Aufgrund der ähnlichen Formulierungen spricht vieles dafür, dass sich auch in den übrigen Bundesländern die Schulpflicht normalerweise auf Klassenfahrten erstreckt. Ebenso sieht mit hoher Wahrscheinlichkeit die rechtliche Situation bei Schulfesten aus.

 

Befreiung/Beurlaubung von der Teilnahmepflicht?

Unter Umständen können Schüler jedoch von der Teilnahme an solchen Schulveranstaltungen befreien beziehungsweise beurlauben lassen. Unter welchen Voraussetzungen das geht, dazu gibt es in den einzelnen Bundesländern unterschiedliche Regelungen, die ähnlich sind.

Beispielsweise können Schüler in Nordrhein-Westfalen gem. § 11 Abs. 1 ASchO nur in besonderen Ausnahmefällen und in der Regel zeitlich begrenzt von der Teilnahme an einzelnen Schulveranstaltungen befreit werden. Der Antrag muss normalerweise beim Schulleiter gestellt werden. In Bremen ist eine Befreiung gem. § 57 Abs. 2 Satz 1 BremSchulG ebenfalls nur in besonderen Ausnahmefällen zulässig. In Hamburg kann die Schule gem. § 28 Abs. 3 Satz 1 HmbSG von der Teilnahme an einzelnen Unterrichtsveranstaltungen befreien, wenn es dafür einen wichtigen Grund gibt.
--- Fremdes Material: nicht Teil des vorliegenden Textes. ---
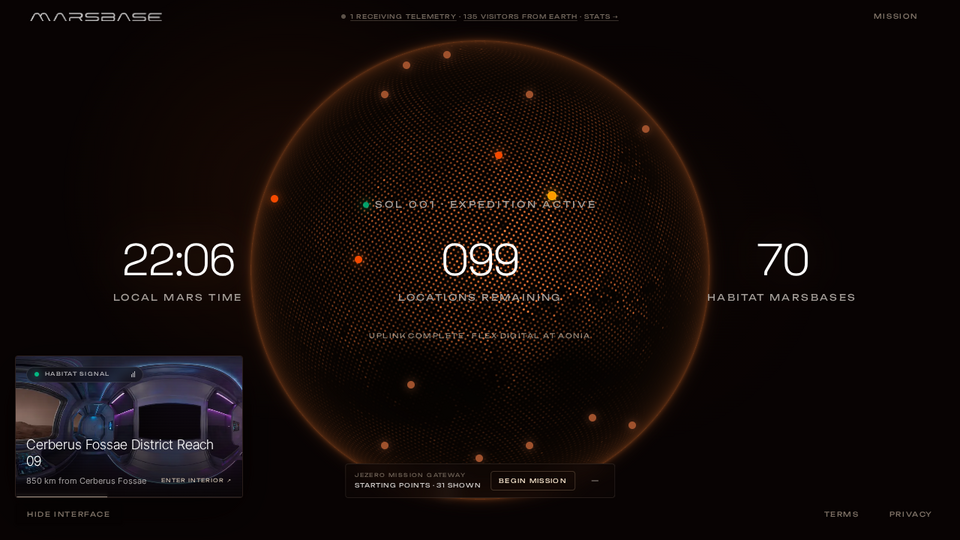 Screenshot of Marsbase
Aus dem Wortlaut dieser Vorschriften sowie auch aus den Entscheidungen ergibt sich, dass Eltern hierfür triftige Gründe anführen müssen. Reine Befürchtungen reichen nicht aus. So genügt es nicht, dass der Schüler dem Islam angehört oder Eltern glauben, dass ihre Glaubensgrundsätze infrage gestellt werden (VG Minden, Beschluss vom 06.06.2003 – 2 L 537/03). Sofern Eltern geltend machen, dass bei ihrer Tochter die Gefahr von sexuellen Übergriffen durch Mitschüler besteht, müssen sie das nach Auffassung des Verwaltungsgerichtes Hamburg näher darlegen. Hierzu reiche es nicht aus, dass in einer gemeinsamen Unterkunft übernachtet wird (Beschluss vom 24.05.2017 – 2 E 5613/17).

 

Fazit:

Sofern Schüler an Schulfesten und Klassenfahrten nicht teilnahmen wollen, muss genau geprüft werden, wie die Rechtslage im jeweiligen Bundesland aussieht. Dafür müssen womöglich auch einschlägige Erlasse herangezogen werden. Für eine Befreiung /Beurlaubung sollte es schwerwiegende Gründe geben. Die Frage ist, was hierzu außer einer akuten Erkrankung alles gehört. Sofern etwa die Gefahr einer körperlichen Misshandlung durch mobbende Mitschüler oder sogar eines sexuellen Missbrauchs besteht, sollten sich Schüler/Eltern beraten lassen. Unter Umständen ist hier neben einer Meldung bei der Schulleitung sowie der zuständigen Schulbehörde auch an eine Strafanzeige zu denken – besonders wenn sich ein solcher Vorfall auf einer Klassenfahrt oder in der Schule ereignet hat.